Parsing tasks are extremely common and even though major efforts have been done to standardize our inter-systems communications we still end up analyzing various text files which have structure – but not a structure that we have a library at hand that can parse. As an example, say you have something that outputs this sort of text (I assume this isn’t a real format, it’s not supposed to be).
fruits { banana { [tasty="true"] [colour="yellow"] } orange { } [eatable="if not rotten"] }
How would you go about it, if you want to store the output result in some form of object? I often see splitting on spaces, and other characters, making convoluted paths and abusing regular expressions to no end to wrangle these sorts of things into whatever data structure you have on your client. What if I said there is a better way. It’s not new by a long short, but it rarely spreads outside of advanced comp-sci classes or compiler designer classes to the more pragmatic programmers working in the real world.
Grammars
There’s generic tools that can parse these sorts of texts. They’re incredibly efficient at doing this as well. They simply require the right input. That input is a grammar. A grammar is really the set of rules that a text must follow in order to be parseable. For instance, in the example above we could assume that it would be illegal to not match the brackets properly, or to have an unnamed node. The way of expressing grammars is known as the Backus-Naur form, or BNF for short. It’s an easy syntax.
Resulting symbol := List of input symbols | Another list of symbols | [maybe an empty section as well];
A symbol is one of two things. It’s either a terminal symbol or a nonterminal symbol. Terminal symbols are those that are directly translatable from the input, nonterminals are built up from lists of other symbols – both terminal and nonterminal ones. Lets start to make a grammar for our input.
To make it easy on ourselves, we’ll simplify the input text and add features in as we go. Let’s start with identifying only this subset
basenode { }
There are three distinct terminal tokens here: name
, {
and }
. Note that the terminal name
will represent for us all the legal nodenames. It’s typical that a terminal token is defined by a regular expression. Let’s assume that name can be only lowercase alphabetic characters. The only legal combination of these terminals are is name followed by { followed by }. This must yield a non terminal token. Let’s call it object. The grammar will look like this:
terminal name [a-z]+ object := name '{' '}' ;
A few things about this grammar, for shortness it allows single character terminal to be used as is. Standard regex notation defines the terminal to be lowercase a-z, repeated at least once.
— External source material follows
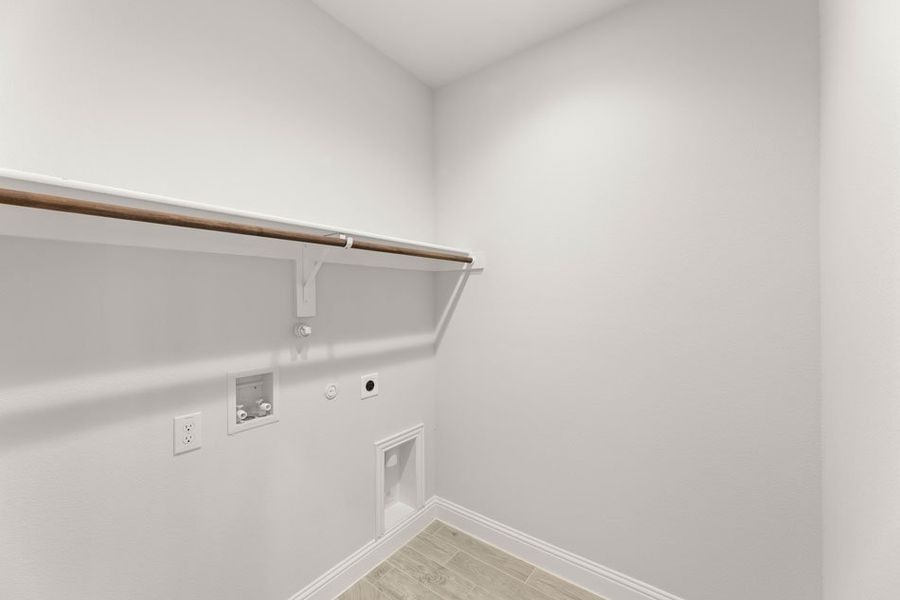 Representative exterior photo of a completed home built from the Winchester by Impression Homes in Timberbrook, Justin, TX (Image 23).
Lets add the [attribute=”value”] notation next. A sample of legal input is now:
rickastley { [nevergonnaone="give you up"] [nevergonnatwo="let you down"] [nevergonnathree="run around"] [nevergonnafour="and desert you"] }
Now it gets more interesting, since there can be more than one attribute, and maybe zero. This is where the cool recursive nature of grammars come into play. Looking at the notation of attributes, we can see that we will require four more terminals: [
, ]
, =
and a quoted-string
. We will also require three more non-terminals: attribute
, attribute-list
and optional-attribute-list
. I’ll give you the grammar, and we can discuss why it looks like it does.
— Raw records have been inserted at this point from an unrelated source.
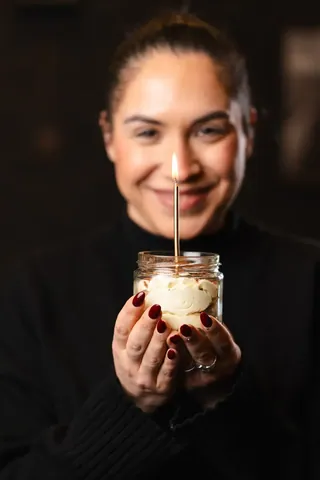 Una candelina accesa su un dolce nel barattolo, per un compleanno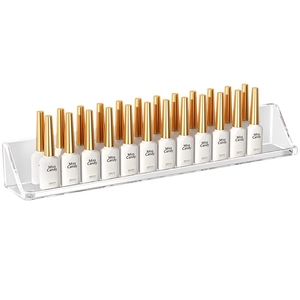 Clear acrylic wall-mounted nail polish display shelf with multiple rows for organization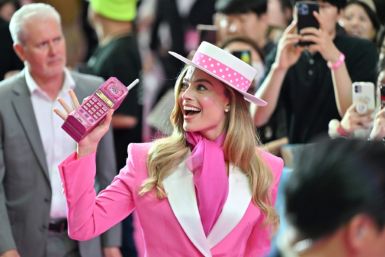 Australian actress Margot Robbie meets fans during a pink carpet event to promote her new film "Barbie" in Seoul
terminal name [a-z]+ terminal quoted-string "[^"]+" object := name '{' optional-attribute-list '}' ; optional-attribute-list := attribute-list | ; attribute-list := attribute-list attribute | attribute; attribute := '[' name '=' quoted-string ']'
I like to pronounce := as is-made-up-of. Using that, lets analyze the rules:
- An object is made up by name followed by an
optional-attribute-list
enclosed in bracers - An
optional-attribute-list
is made up of either anattribute-list
or nothing. The nothing part is important, since this is what makes the rule optional. - An
attribute-list
is anattribute-list
followed by anattribute
, or just anattribute
. This sort of self-recursion is key to understanding formal grammars. A list is either a single item, or another list with another item tacked on to the end. This is probably all very familiar if you know functional languages like lisp (cons) - An
attribute
is simply some terminals tacked together to form a nonterminal called attribute.
The grammar above will recognize an object with any number of attributes, including none, using recursion.
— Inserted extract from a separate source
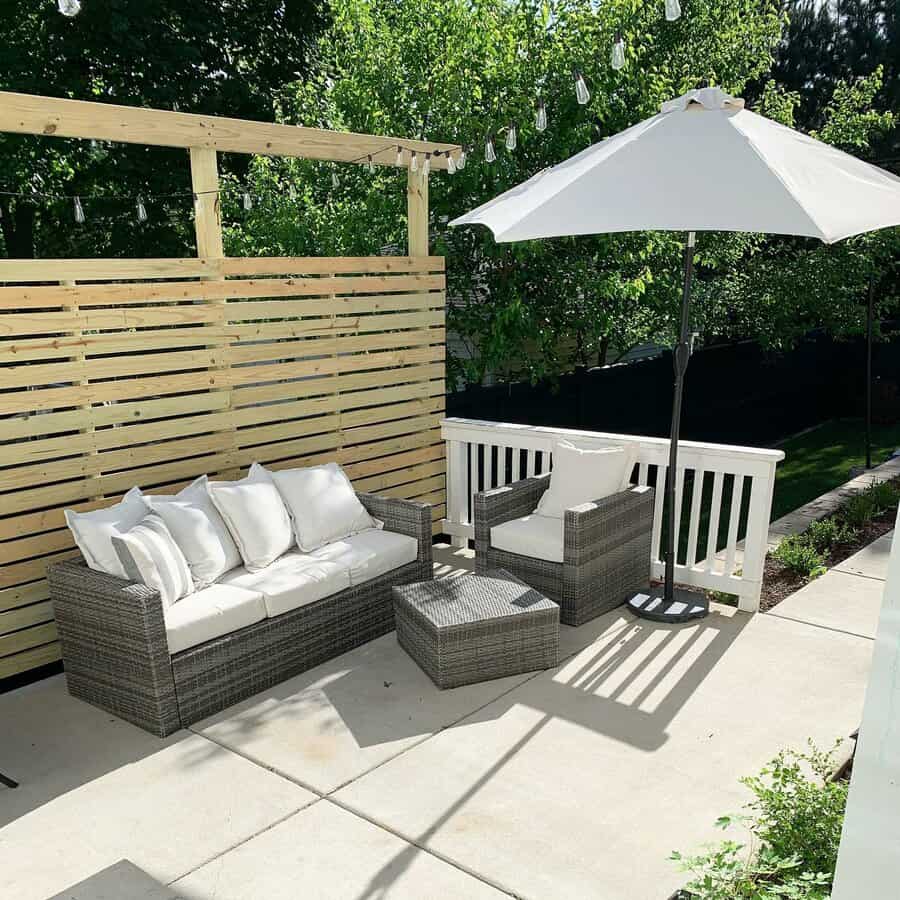 Patio with wicker furniture, white cushions, a square table, umbrella, and string lights set against a wooden privacy screen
Adding the child objects is similar. This time we will not require any new terminals. We will require two new non-terminals: optional-object-list
and object-list
.
terminal name [a-z]+ terminal quoted-string "[^"]+" object := name '{' optional-object-list optional-attribute-list '}' ; optional-object-lit := object-list | ; object-list := object-list object | object ; optional-attribute-list := attribute-list | ; attribute-list := attribute-list attribute | attribute ; attribute := '[' name '=' quoted-string ']';
As you can see, the object list refers to the main rule object, which causes all the same rules applied to the main object to be applied to the child objects as well. This recursive feature of grammars is extremely powerful. So, we have reduced this problem down to 8 lines of grammar, which save for a few changes in syntax is entirely compatible for a whole range of parser generators.
In fact, more often than not when you are reading text you are in fact parsing it. Only when reading text that has no real context, like counting words without caring if they are nouns or verbs are you not parsing. So why do we keep writing text parsing code by hand when we have all this power right at our fingertips?
This question has been the main motivator for me behind writing Piglet, my parser generator. Not to replace any of the large full-featured generators out there, but to provide a small and nimble alternative that can be easily embedded into your application. Democratizing the formal grammars if you will. It’s currently near an alpha state, with runnable code and a reasonably efficient generation. Feel free to contribute, it’s on github. I’ve also updated the Demo project to include an implementation of this particular grammar. The curious reader will perhaps wonder why there currently are two implementations of the same stuff. That’s because Piglet tries to be educational and chatty and supports a fluent interface for configuration which has a few convenience methods for making lists and optional things. The implementation that exactly matches the non-extended grammar shown in this post is the second method.
If you study the grammar above there are a few things that could be improved. For instance, you must specify child objects first, before specifying attributes. If you’re interested enough, try modifying the grammar so that this becomes possible. It’s good exercise!
I hope I’ve gotten you at least a bit interested in how parsing using tools really works. Hopefully an introductory post for my own library isn’t too far away so it can be put to the test. This little series on parsing will continue with more technical details on how these parsing tools actually work.